Sentado à soalheira, o Ti Manel desfia as suas memórias revendo um tempo que já lá vai, quando a vida na aldeia era dura. O texto que se segue foi-nos endereçado por um conterrâneo que reproduziu o falar antigo, com termos e expressões que o tempo já quase apagou das conversas de hoje.
Sempre fui homem de botar palavra. Só que agora já na valho nada. Já na tenho careio nenhum. Sou um papalvo que praqui vivo. Já na tenho préstimos. Vivo de recordações.
Estou-me a lembrar de quando inda tinha a minha casita, com a minha Marquinhas e os mês dois filhos. Era uma vida dura isso era, mas vivia-se. Lembro-me quando íamos ao marfolho e à farrém pro vivo. Sim, porque nós tínhamos duas vacas, um marranito, duas cabras e um burrito. Mas tamém tínhamos pitas e uns coelhitos. Dava pra se viver, mas com trabalho.
Os garotos nesse tempo, tinham muita carava. Na era como agora, que nem garotos há. Eles jogavam ao bogalho, à Xona, ao pião, à cantarinha e, é claro, ajudavam tamém a tratar do vivo e das terras. Há noite, como na havia televisão, íamos prá lareira. Comia-se uma mastiga de pão com tchoiriço, ou carne gorda, às vezes, um cagenadinha de queijo e íamos inganando a fome e passando o tempo. Os garotos, sentavam-se numa manta de trapos, e aí brincavam tamém. Às vezes escarrapachavam-se no moirão, junto à pilheira, pra se aquecerem melhor e iam apichando o lume com uns cavaquitos ou giesta. Olhe, entchiam-se todos de fonas.
Quando íamos pró campo, com o vivo, levávamos sempre um bom fatroco de pão com peguilho. Umas vezes queijo, outras o que havia ou presunto ou enchido e, às vezes, azeitonas. Levávamos tamém água e uma botelha de vinho, porque eu bebia sempre um gortchito aos comeres.
De inverno, era sempre pior. Tínhamos que cortar alguma lenha no cabanal, que já tínhamos acareado no tempo seco. Tínhamos tamém de acarretar a comida suficiente pra dar aos animais.
Nós aos comeres, tínhamos sempre um caldito, umas vezes de macarrão com gravanços, outras vezes de feijão com couves. Nisso a Minha Marquinhas era jeitosa. Deitava duas ou três gadanhas a cada um e, só despois é que servia o resto, que era, muitas vezes, carne guisada ou assada e, um pouco da matança, que íamos acompanhando com umas boas fatigas de pão.
Aos domingos íamos todos à missa. A minha Marquinhas arranjava-nos bem. Íamos todos, sempre muito graves.
As cosas na eram como agora.

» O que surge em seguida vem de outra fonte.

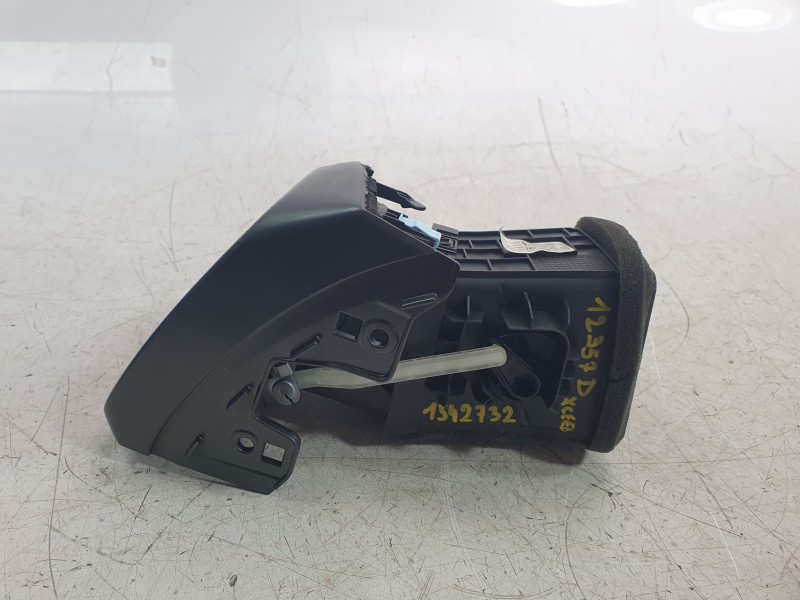 Recambio de aireador derecho para kia xceed 1.0 t-gdi 74 kw (100 cv) referencia OEM IAM 97490J7000  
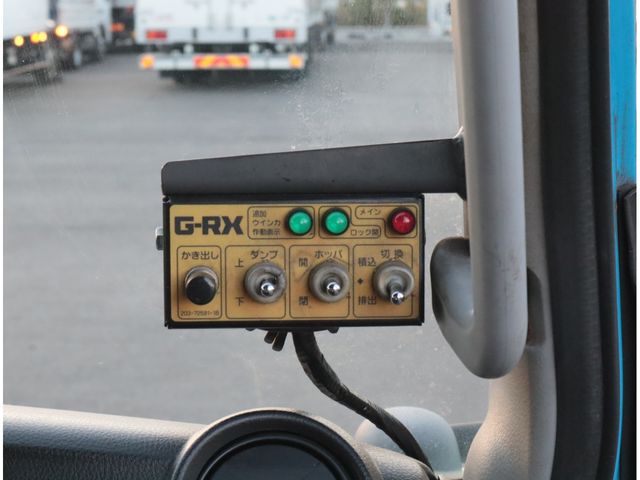 MITSUBISHI CANTER 2019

Eram mais reles. Os telhados das casas tinham muitas frinchas, que deixavam passar o vento, que até assobiava. Mas ele tamém passava pelas taliscas das portas, que não cispavam bem. Olhe, era assim. Outros tempos, outras eras. Inda passámos maus bocados.
Quando andávamos por lá, até de noite escura, às vezes, cheguei a ter medo. Quando inda era garoto, muitas vezes, me pus a cabanir por causa dos lobos. Era a vida.
Mas pronto. Vivíamos sobretudo do renovo e do vivo. Íamos à carumba, aos ramalhos, à lenha, à bolota, às castanhas e, no tempo deles, íamos aos tartulhos e aos míscaros. Olhe, vivíamos da terra e da criação.
Mas na havia comodidades como agora. Tomávamos banho nuns caldeiros despois de amornarmos uma pouca de água, que trazíamos da fonte. Lembro-me dos garotos, inda pequenos, encarrapatos, a chafurdar na água dentro de um barranhão grande. Era assim.
Tamém tivemos um cão, mas era tão lambão, que uma vez nos comeu duas pitas e despois disso, nunca mais quis nenhum.
Olhem, vossemecês já devem estar infadados e infastiados de me ouvir. Sou um palerma, mas sou preado pra falar.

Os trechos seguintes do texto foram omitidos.